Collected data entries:
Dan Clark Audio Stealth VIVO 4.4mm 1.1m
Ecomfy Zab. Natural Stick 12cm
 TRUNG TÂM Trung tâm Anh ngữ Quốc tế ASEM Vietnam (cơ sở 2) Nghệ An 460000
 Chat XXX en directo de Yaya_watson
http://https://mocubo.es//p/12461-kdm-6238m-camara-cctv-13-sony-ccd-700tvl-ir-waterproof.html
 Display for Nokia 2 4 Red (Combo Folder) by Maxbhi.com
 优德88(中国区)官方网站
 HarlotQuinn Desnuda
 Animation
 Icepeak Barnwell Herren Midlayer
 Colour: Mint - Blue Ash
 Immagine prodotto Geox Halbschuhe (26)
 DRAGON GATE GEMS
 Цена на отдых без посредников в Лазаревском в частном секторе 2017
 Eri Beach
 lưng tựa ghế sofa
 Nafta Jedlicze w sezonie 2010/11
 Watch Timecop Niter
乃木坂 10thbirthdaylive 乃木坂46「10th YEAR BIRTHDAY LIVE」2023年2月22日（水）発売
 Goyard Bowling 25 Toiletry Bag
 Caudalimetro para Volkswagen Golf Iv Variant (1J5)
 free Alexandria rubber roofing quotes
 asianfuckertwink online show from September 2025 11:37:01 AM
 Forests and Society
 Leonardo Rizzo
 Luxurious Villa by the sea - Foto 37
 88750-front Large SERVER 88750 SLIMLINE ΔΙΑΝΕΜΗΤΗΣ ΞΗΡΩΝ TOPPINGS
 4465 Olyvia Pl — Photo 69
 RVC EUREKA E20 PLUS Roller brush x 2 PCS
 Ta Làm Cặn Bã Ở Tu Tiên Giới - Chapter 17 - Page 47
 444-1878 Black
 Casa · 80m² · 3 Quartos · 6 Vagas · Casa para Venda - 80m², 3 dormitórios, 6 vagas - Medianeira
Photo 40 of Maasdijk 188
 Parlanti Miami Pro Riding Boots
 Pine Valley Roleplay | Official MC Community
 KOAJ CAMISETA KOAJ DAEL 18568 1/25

- _WHAT IS REQUIRED_: Each record needs to be given again exactly.

- _SOLVED EXERCISE_:
Dan Clark Audio Stealth VIVO 4.4mm 1.1m
Ecomfy Zab. Natural Stick 12cm
 TRUNG TÂM Trung tâm Anh ngữ Quốc tế ASEM Vietnam (cơ sở 2) Nghệ An 460000
 Chat XXX en directo de Yaya_watson
http://https://mocubo.es//p/12461-kdm-6238m-camara-cctv-13-sony-ccd-700tvl-ir-waterproof.html
 Display for Nokia 2 4 Red (Combo Folder) by Maxbhi.com
 优德88(中国区)官方网站
 HarlotQuinn Desnuda
 Animation
 Icepeak Barnwell Herren Midlayer
 Colour: Mint - Blue Ash
 Immagine prodotto Geox Halbschuhe (26)
 DRAGON GATE GEMS
 Цена на отдых без посредников в Лазаревском в частном секторе 2017
 Eri Beach
 lưng tựa ghế sofa
 Nafta Jedlicze w sezonie 2010/11
 Watch Timecop Niter
乃木坂 10thbirthdaylive 乃木坂46「10th YEAR BIRTHDAY LIVE」2023年2月22日（水）発売
 Goyard Bowling 25 Toiletry Bag
 Caudalimetro para Volkswagen Golf Iv Variant (1J5)
 free Alexandria rubber roofing quotes
 asianfuckertwink online show from September 2025 11:37:01 AM
 Forests and Society
 Leonardo Rizzo
 Luxurious Villa by the sea - Foto 37
 88750-front Large SERVER 88750 SLIMLINE ΔΙΑΝΕΜΗΤΗΣ ΞΗΡΩΝ TOPPINGS
 4465 Olyvia Pl — Photo 69
 RVC EUREKA E20 PLUS Roller brush x 2 PCS
 Ta Làm Cặn Bã Ở Tu Tiên Giới - Chapter 17 - Page 47
 444-1878 Black
 Casa · 80m² · 3 Quartos · 6 Vagas · Casa para Venda - 80m², 3 dormitórios, 6 vagas - Medianeira
Photo 40 of Maasdijk 188
 Parlanti Miami Pro Riding Boots
 Pine Valley Roleplay | Official MC Community
 KOAJ CAMISETA KOAJ DAEL 18568 1/25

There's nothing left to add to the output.